We’ve all experienced the loss of a product due to discontinuation. It’s terrible. And, if you’re personally attached to the product, it’s all the more devastating. Did any of us ever really get over the end of the Fisher-Price Great Adventures Castle, for instance?
Another bygone nostalgia factory that you might hate to miss, the Nissan hardbody truck, was never really replaced in the compact pickup truck market. No other compact pickup truck has achieved the same level of style and timelessness.
But then again, how could one?
History of the Nissan Hardbody
The D21 was the first and only model colloquially called the Nissan hardbody. “Hardbody” refers to the truck’s generally tight appearance achieved through firm paneling, a compact body, an aggressive front end, a styled grille, and a double-walled bed.
The Nissan D21 was immediately preceded by the 720, but Nissan had been busy perfecting its stylish truck designs for decades before the company was even called Nissan.

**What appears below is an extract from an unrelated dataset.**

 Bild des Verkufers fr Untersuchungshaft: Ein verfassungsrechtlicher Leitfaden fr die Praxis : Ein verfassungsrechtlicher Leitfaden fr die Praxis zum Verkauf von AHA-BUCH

Datsun, the Nissan predecessor company, had been designing and manufacturing trucks since the 1930s. The Type 13 truck was Datsun’s first build and sold well until it was replaced by successor models.
The 1965 Datsun 520 took leaps toward what we now know as a compact pickup truck and marks Datsun’s shift toward a hardbody truck. Two models later, the 720 was the last true Datsun Truck.
Before the D21 hard bodies hit the road, pickups sold by Nissan in North America were still sold as Datsun trucks. The company officially changed its name to Nissan Datsun and then just Nissan in 1985, just before Nissan D21 sales began in the United States.
When the D21 began sales in 1985, it was the first Nissan pickup and so was often referred to as “the Nissan truck.” It was designed and marketed as a direct competitor to the also unnamed “Toyota truck.” God bless the ’80s, a time when everyone was too busy listening to walkmans and trading garbage pail kids to title their automobiles — talk about nostalgia.
The Nissan Hardbody pickup truck also underwent some changes of its own over the years of its production from ‘85 to 97’, some of which we’ll touch on below.
Best Nissan Hardbody Model Years
As the Nissan D21 hardbody continued to develop, some changes were made which opened the door for some particularly outstanding model years. For instance, horsepower across model years increased by almost 30. Take a look at how the Nissan hardbody pickup continued to develop until the mid-‘90s.
The Nissan hardbody ‘85
If you’re looking to bring back a classic, you might as well go for the original. You’ll get major style points for sporting this Nissan hardbody, but you’ll sacrifice some functionality.
Five-speed manual transmission is much more common than automatic transmission in this model, as was rear-wheel drive over four-wheel drive. The early model hardbodies are pretty slow at just 106 horsepower and the interior will feel dated.
But maybe you’re into that.
The Nissan hardbody ‘94
If you want a bit more functionality without sacrificing appearances, the 1994 Nissan hardbody D21 is probably your best option. The ‘93-’97 models all had an increased 134 horsepower, so it’s a good idea to opt for a model within these years.
But, the ‘94 is a great model even outside of the horsepower boost. In 1994, Nissan offered a value package on their XE trim, which included a ton of premium features for the time that would make your hardbody feel a bit more modern and functional.
With this model, you’ll have the following modern amenities you might not in other D21 models: air conditioning, power mirrors, power windows, alloy wheels, and chrome trim styling. This model also introduced a new, more modern dashboard and interior.
The ‘94 model also receives an impressive 31 highway MPG.
Why Was the Nissan Hardbody Discontinued in 1997?
Although, yes, the Nissan D21 hardbody was replaced by the Nissan Frontier in most of the world in ‘98, Mexico continued to manufacture the Nissan D21 ‘97 until 2008. Further, some of these late-model Nissan hardbodies were still on the new-car market for another six years. In Venezuela, Nissan continued to market these D21s until 2014.
This means that if even one D21 took a few more years to sell, there could be a hardbody sitting on a dealer’s lot somewhere in South America right now. And, while this might not be much solace to buyers in the U.S., it’s still nice to know that somewhere out there, at this very moment, someone might be pushing a brand new Nissan D21 hardbody clutch for the first time.